Despite its popularity and a whole host of publications—the majority of them about the most famous names—many areas of Impressionism are still under-researched. Many “second rank†Impressionists have remained unknown or have sunk into oblivion. This monograph fills the gap, as it explores French Impressionism alongside related art movements that flourished simultaneously in the rest of Europe and North America.
Part 1 deals with Impressionism in France, including Post- and Neo-Impressionism.

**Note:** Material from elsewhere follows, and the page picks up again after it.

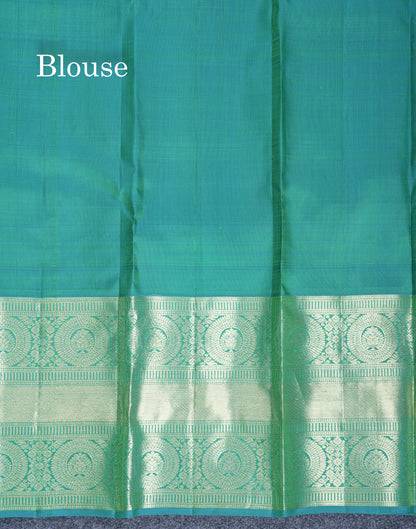 Dual Tone Parrot Green Pure Kanjivaram Silk Saree With Contrast Sapphire Green Long Border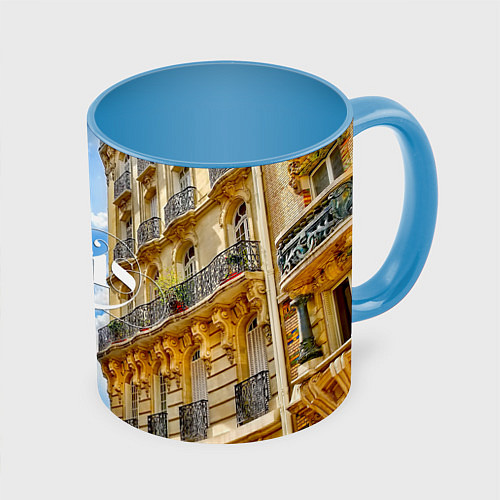 Кружка цветная Daytime Paris / 3D-Белый + небесно-голубой – фото 1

As well as discussing the most renowned artists, its aim is to introduce others who are still little-known today. Among them are the long underrated Gustave Caillebotte, represented by 17 paintings, and artists such as Frédéric Bazille, Marie Bracquemond, Henri-Edmond Cross, Jean-Louis Forain, Eva Gonzalès, Armand Guillaumin, Albert Lebourg, Stanislas Lépine, Maximilien Luce, Berthe Morisot, Lucien Pissarro, Jean-François Raffaëlli, Henri Rouart, and Victor Vignon.
The eight chapters of part 2 focus on paintings inspired by French Impressionism and produced in parallel in the Netherlands, Belgium, Germany, Scandinavia, Eastern and South-Eastern Europe, Italy, Spain, Great Britain, the USA and Canada. Rarely did painters in these countries slavishly copy the ideas emerging from France. Instead, most non-French artists found astonishingly original ways of translating them into the artistic language of their native lands.